Since I’m on NewsVac duty this weekend (and no, that’s not a euphemism; that’s actually what it‘s called), I am going to be near a computer for a lot of time anyway, so I thought it a good opportunity to polish up some photos and make better use of Flickr.
Take Nuestro Pueblo, for example. That’s the official name of Watts Towers, which my brother Adam and I drove out to see when I was in Los Angeles last month.
It’s the single-handed work of Sabato Rodia; seventeen independent structures built out of steel and mortar, inlaid with mosaics made from tile, glass, ceramic pottery, stone, and all other manner of found objects — and carved, impressed, and everything else.
Rodia signed the pieces with an SR in numerous places, many (like the one at left) also sporting impressions of his tools.
He built the towers after work and on his days off, over an astounding thirty year timespan, starting in the 1920s.
The tallest of the towers reach about one hundred feet into the air, which is impressive for a structure built by hand no matter where you find it, but is even more unusual given that Rodia built the entire collection of spires, stairs, alcoves, and fountains in his own yard.
Somehow I suspect that you couldn’t get away with that today. At least, not any place I’ve lived.
Rodia gets a pass because he’s considered an “outsider” artist; mostly meaning that the didn’t market himself commercially (sure, I know people will disagree about the definition here, but that’s what it boils down to). Allegedly in the early Fifties when he decided the sculpture was completed, he deeded his property over to one of his neighbors and moved away, never to return.
We headed out to Watts about 10:00am — which is quite a drive from West Hollywood on a weekday in a vehicle with no A/C — without real exact directions. Luckily, finding the site is not difficult, since Watts is still an almost entirely residential neighborhood with mostly single and two-story dwellings.
Unluckily, as with every place in the greater LA area, there is no place to park, so we stashed the car and walked a couple of blocks to the spires. There we discovered a full-fledged (if small) art museum, an outdoor amphitheater, and a uniformed police officer encouraging us to take the tour. We decided we didn’t have time (half an hour until the next tour, and another for the tour itself) and went self-educated.
The downside here is that the sculpture is surrounded by a security fence only paying tour members are allowed inside. On the other hand, the sheer size of the installation makes it nearly impossible to photograph in its entirety from outside the fence — you have to come close to standing in other people’s yards — so being inside the fence would not have solved that problem.
In this case, I opted for a few “normal” shots of the tall spires that will have to be stitched together with Hugin, and then switched over to the Lensbaby to bring out the raw peculiarities of the site.

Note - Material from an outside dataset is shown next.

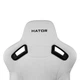 Крісло для геймерів Hator Arc S (HTC-1003) Pearl White - зображення 8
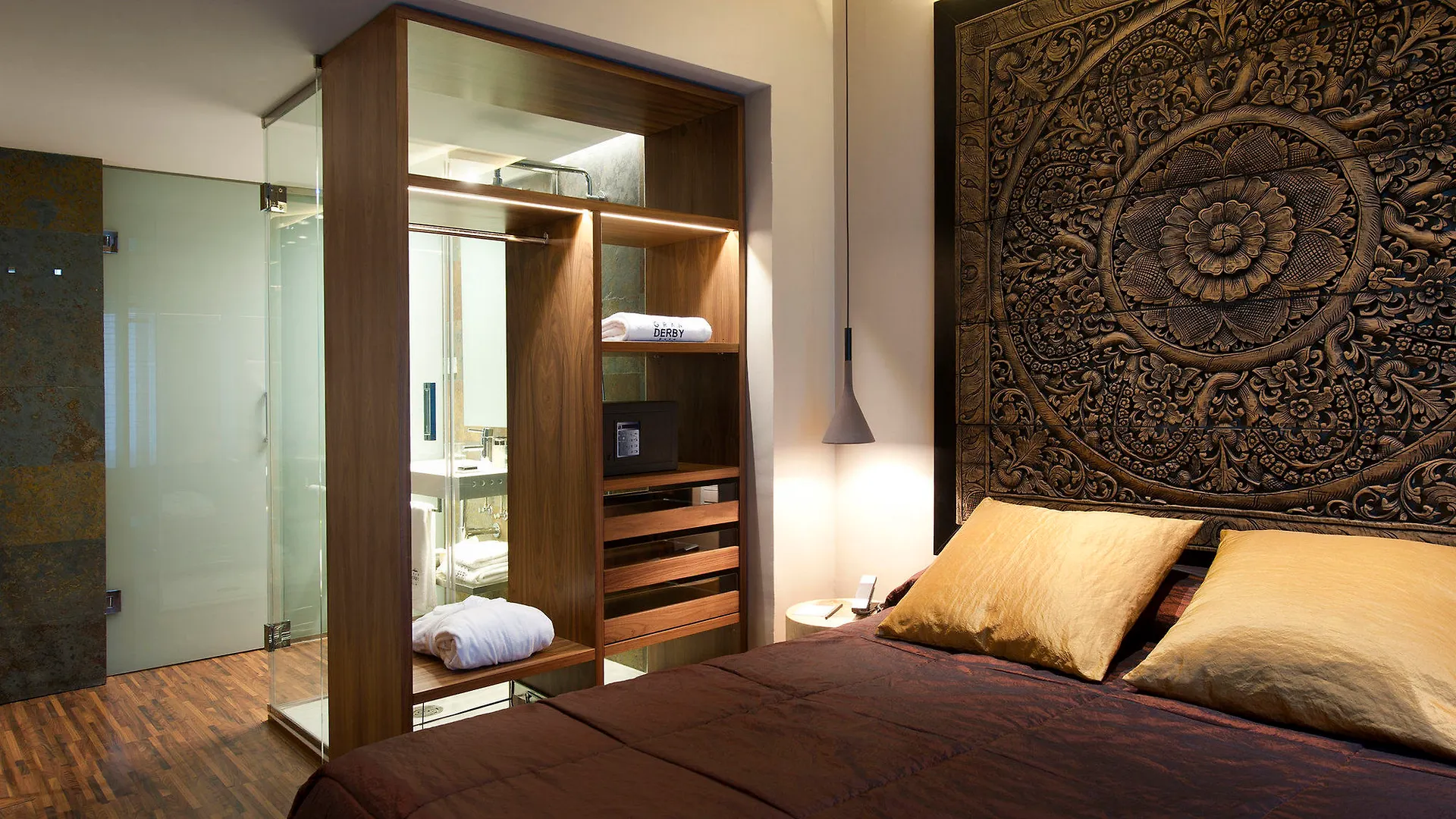 ברצלונה Hotel Gran Derby Suites, A Small Luxury Hotel Of The World 4*,  ספרד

Supposedly they have concerts at Watts Towers a couple times each year; no idea if they feature “outsider” musicians.
All in all, easily one of the most unique* sites I’ve seen in California, even if it’s not on the star maps or bus tours. It’s hot and you have to walk. When you see it, it seems to have neither rhyme nor reason. If you don’t get that, I guess that makes you an insider artist.
* – You heard me. It’s more unique than many of the other unique things in California. Some of them are very unique in their own way, just not as unique.